Sonno e alimentazione
Sonno e alimentazione adeguati rappresentano fattori fondamentali per il benessere emotivo. È importante assicurarsi che i propri figli facciano colazione, seguano pasti regolari e abbiano la possibilità di fare spuntini durante la giornata. Bambini e ragazzi ben riposati e che seguono una corretta alimentazione sono generalmente meno vulnerabili a stress, irritabilità e difficoltà di concentrazione.
Ascoltare
Molti bambini vivono il rientro a scuola con timori e incertezze. I genitori possono aiutarli ascoltando le loro preoccupazioni senza minimizzarle, accogliendo e validando le emozioni che esprimono. Più che offrire rassicurazioni immediate, è importante far sentire il bambino compreso e, quando necessario, aiutarlo a riflettere su possibili strategie per affrontare le difficoltà.
Domande
Per favorire la serenità dei figli è utile evitare domande che possano essere percepite come pressioni o aspettative.

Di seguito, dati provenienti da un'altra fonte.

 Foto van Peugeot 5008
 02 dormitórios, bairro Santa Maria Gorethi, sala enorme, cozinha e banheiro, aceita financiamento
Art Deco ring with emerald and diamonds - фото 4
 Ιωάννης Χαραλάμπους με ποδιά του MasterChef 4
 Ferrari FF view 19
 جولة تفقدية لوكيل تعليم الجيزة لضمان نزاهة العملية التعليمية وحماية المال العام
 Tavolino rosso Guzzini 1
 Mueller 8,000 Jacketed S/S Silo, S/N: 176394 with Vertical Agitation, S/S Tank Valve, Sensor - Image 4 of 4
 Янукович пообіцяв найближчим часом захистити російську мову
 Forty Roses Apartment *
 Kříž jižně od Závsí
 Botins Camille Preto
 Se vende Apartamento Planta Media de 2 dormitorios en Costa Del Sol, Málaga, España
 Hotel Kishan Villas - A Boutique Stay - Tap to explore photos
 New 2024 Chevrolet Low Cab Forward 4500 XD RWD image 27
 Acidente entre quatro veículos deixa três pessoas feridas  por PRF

Meglio utilizzare domande aperte e neutrali sulla giornata scolastica, mostrando interesse senza trasmettere preoccupazioni personali. Un atteggiamento calmo e fiducioso contribuisce a rafforzare il senso di sicurezza di bambini e ragazzi. Visitare la scuola prima dell’inizio delle lezioni può aiutare a ridurre l’incertezza e aumentare il senso di familiarità. Soprattutto per i più piccoli conoscere gli ambienti agevola.
Preparare i tragitti
Percorrere i tragitti, conoscere gli ambienti e orientarsi negli spazi scolastici permette a bambini e adolescenti di affrontare il primo giorno con maggiore tranquillità, soprattutto nei passaggi verso una nuova scuola. Per evitare sovraccarico e stress, è utile guidare i ragazzi nella gestione equilibrata delle attività scolastiche ed extrascolastiche. Rimandare nuovi impegni fino a quando non si sono adattati ai ritmi scolastici e insegnare il valore dell'equilibrio può prevenire sentimenti di sopraffazione e affaticamento.
Dopo l’inizio
Se persistono difficoltà di adattamento o un progressivo rifiuto della scuola, è importante prestare attenzione a questi comportamenti. I genitori possono svolgere un ruolo fondamentale monitorando il benessere emotivo dei figli, mantenendo un dialogo aperto e collaborando con la scuola per individuare precocemente eventuali difficoltà e favorire un sereno inserimento scolastico. Strategie semplici come la respirazione lenta, il problem solving, la pianificazione delle attività e la condivisione delle preoccupazioni con adulti di riferimento o compagni fidati possono facilitare l’adattamento. Risulta utile anche mantenere aspettative realistiche, ricordando che i primi giorni di scuola rappresentano un periodo di assestamento per tutti e che non è necessario affrontare immediatamente ogni sfida in modo perfetto.
Eventuali disagi
«Le evidenze – conclude Chiara Cattaneo – suggeriscono che il disagio scolastico non può essere considerato esclusivamente una questione educativa o sanitaria. Si tratta di un fenomeno multidimensionale che coinvolge aspetti relazionali, psicologici, sociali ed educativi. La promozione del benessere scolastico richiede una collaborazione stabile tra scuola, famiglie e servizi del territorio. In questa prospettiva, la whole-school approach considera il benessere una responsabilità condivisa dell’intera comunità scolastica. Un ruolo chiave è svolto dallo sviluppo delle competenze psicosociali (life skills) , come autoregolazione emotiva, empatia e problem solving, che favoriscono l’adattamento e il benessere degli studenti. Tali interventi risultano più efficaci quando sono integrati stabilmente nelle attività scolastiche, coinvolgendo docenti, studenti e famiglie».